Want to learn some interesting, random honey bee facts? Then you’ve come to the right place!
You’ll find some honey bee trivia (but certainly not trivialities!) and fun facts here.
You’ll learn some facts about bees that will entertain, intrigue, and inform.
Indeed they do, and appropriately enough, it’s called Bee Bread. It’s a mixture of honey and pollen, and it is a highly nutritious food.
Bee bread is principally the food of larvae and very young bees. Older bees primarily eat honey.

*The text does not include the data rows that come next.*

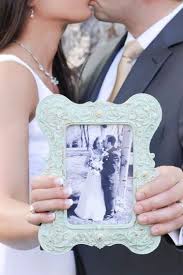 Chegamos às bodas de cristal, ao precioso e delicado cristal, mas nosso amor nunca esteve tão forte, tão sólido. Las Esperadas Bodas De Cristal Los 15 Anos De Casados 10 Aniversario De Boda Aniversario De Bodas Aniversario De Bodas Fotos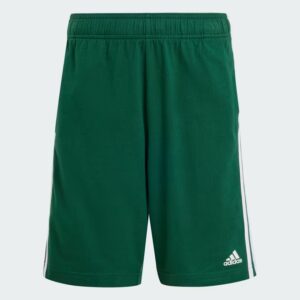 u 3s kn sho cgreen/white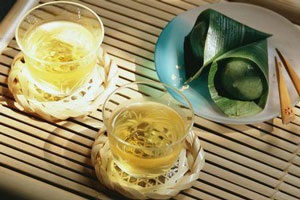 Tipuri de ceai alb, beneficii și rău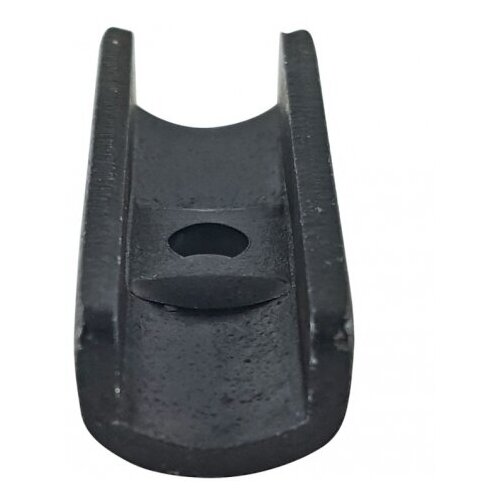 MAKITA зажим платформы 4329 арт. 344685-5 серьги jv ye01205 sr gag rh bj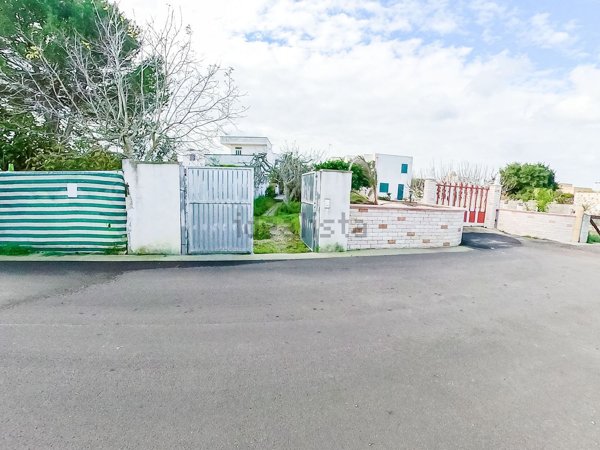 appartamento in vendita a Diso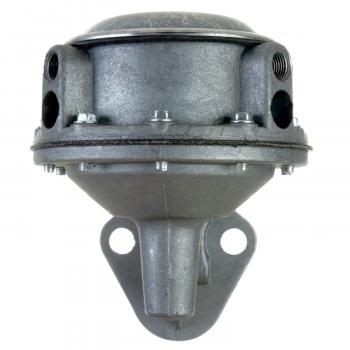 Delphi MF0089 Mechanical Fuel Pump product image 2 of 8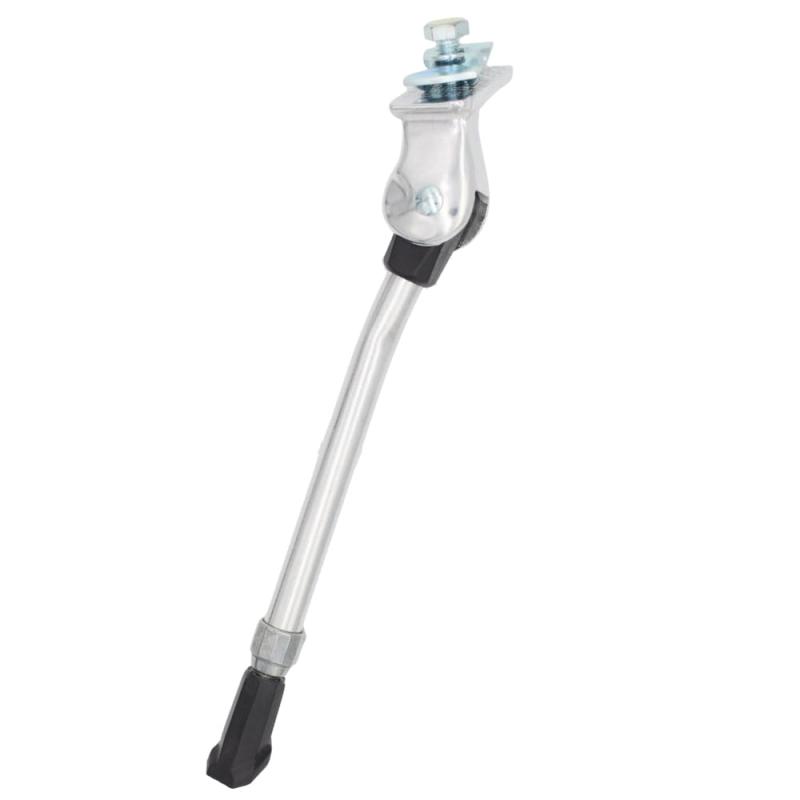 Cycle Design(��������ǥ�����) ���å�������� ������ ���󥿡����å�������� 20�����-28����� ����С�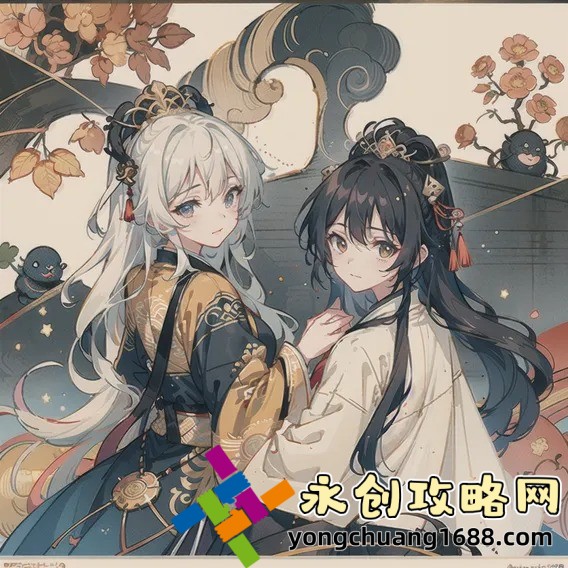 《我的好媳婦》中字頭的秘密：為何這部劇能打破收視紀錄？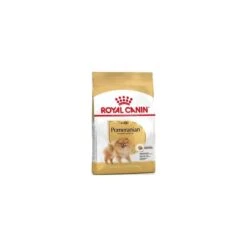 Pomeranian 1,5kg - Royal Canin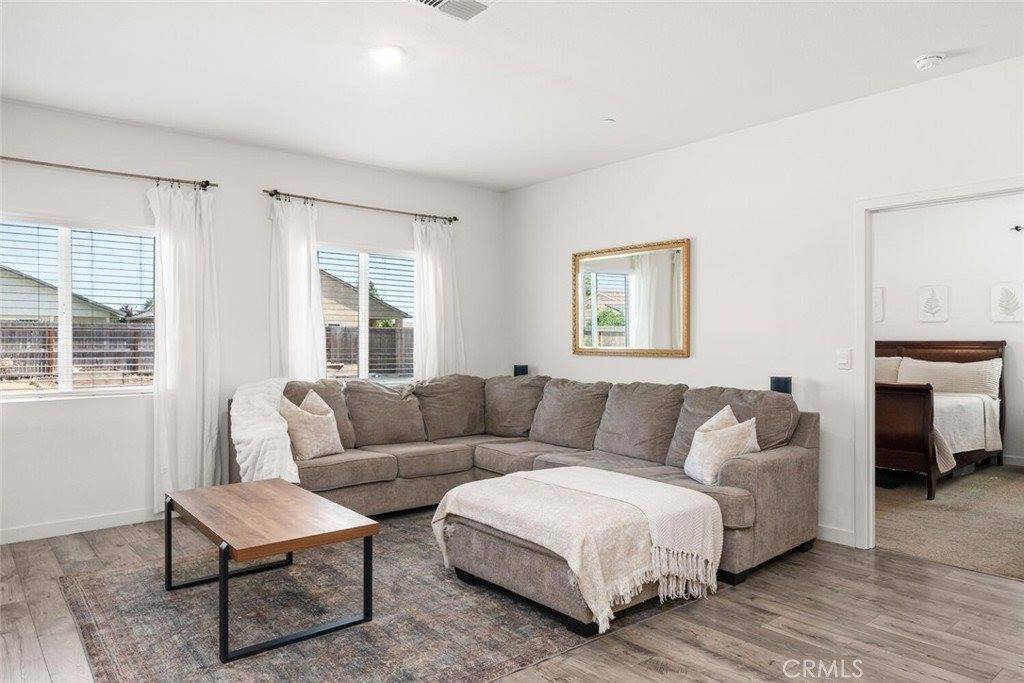 1507 Oakwood Drive, Orland, CA 95963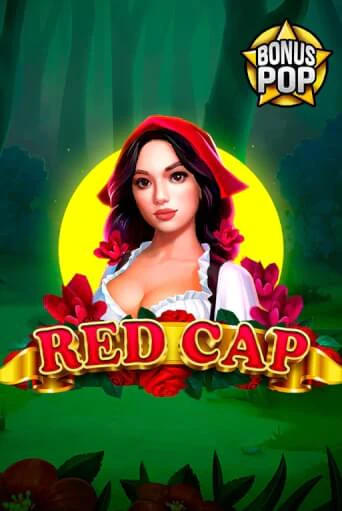 Играть в Red Cap от Endorphina | Казино Сhampion Slots 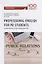 Английский язык в профессиональной сфере. Учебное пособие для третьего года обучения — 2758162 — 1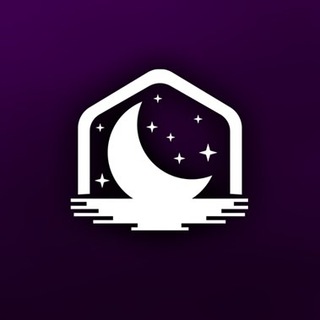 Logo de la chaîne télégraphique lunarclient - Lunar Client
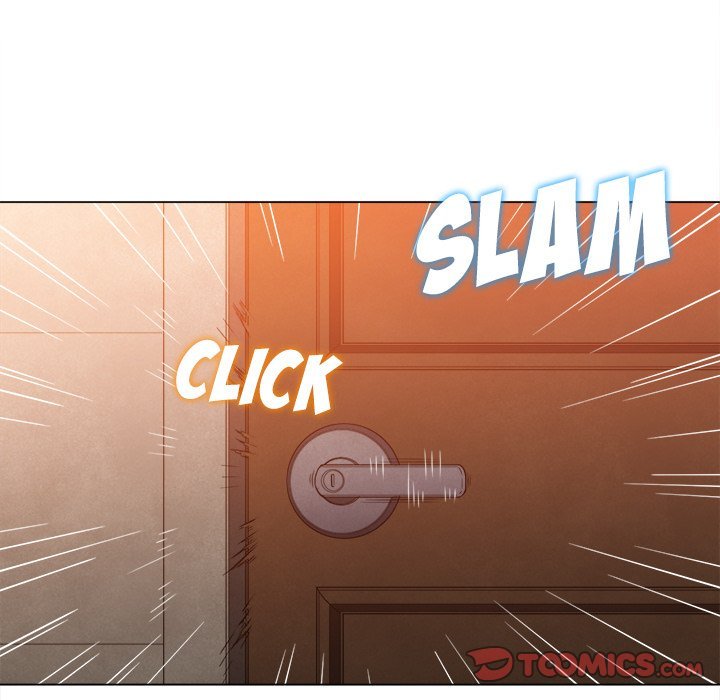 My High School Bully Manhwa - Chapter 87 Page 140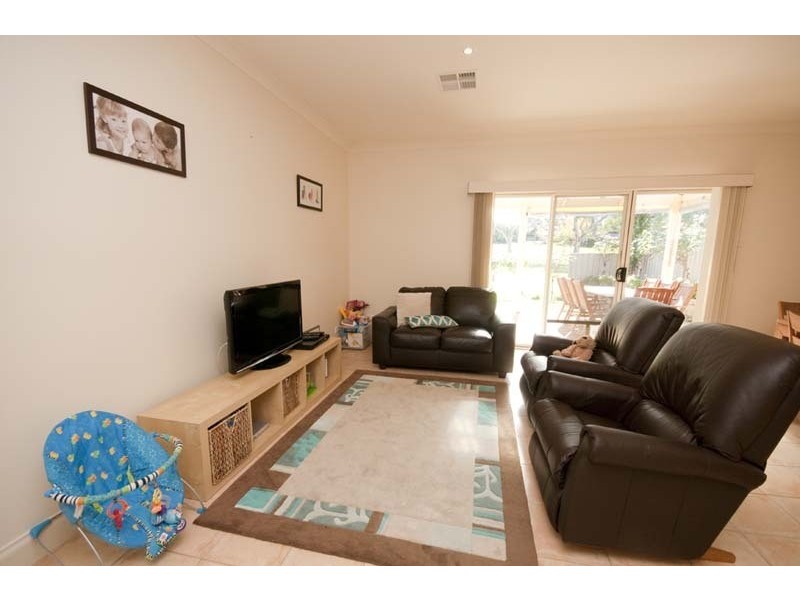 19 Taminga Way, Flagstaff Hill SA 5159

As the bees mix honey and pollen together to make bee bread, they add glandular secretions that help to preserve it. The glandular secretions also help to make the bee bread more nutritious.
Then they pack it into honeycombs, often covered with a layer of honey. That way it's ready and waiting for feeding hungry bee babies whenever it's needed.
Did you know that honey bees have the ability to air condition their hive?
They do this by distributing water droplets in strategic locations throughout the hive, and fanning their wings to generate air movement.
The bees on fanning duty will orient themselves so that fresh air is drawn into the hive, circulated throughout, and then exhausted. On a hot day, you can look at the entrance to a hive, and you will see bees facing away from the entrance on one side, and bees facing toward the entrance on the other side.
All those bees furiously fanning their wings are on air conditioning duty!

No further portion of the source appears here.